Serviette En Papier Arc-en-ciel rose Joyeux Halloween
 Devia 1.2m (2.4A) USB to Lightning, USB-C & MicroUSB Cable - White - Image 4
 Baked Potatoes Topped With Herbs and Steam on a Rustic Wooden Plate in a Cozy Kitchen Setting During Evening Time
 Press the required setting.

__WORK ITEM__. Word for word, copy the material above.

__SOLUTION TO THE EXERCISE__.
Serviette En Papier Arc-en-ciel rose Joyeux Halloween
 Devia 1.2m (2.4A) USB to Lightning, USB-C & MicroUSB Cable - White - Image 4
 Baked Potatoes Topped With Herbs and Steam on a Rustic Wooden Plate in a Cozy Kitchen Setting During Evening Time
 Press the required setting.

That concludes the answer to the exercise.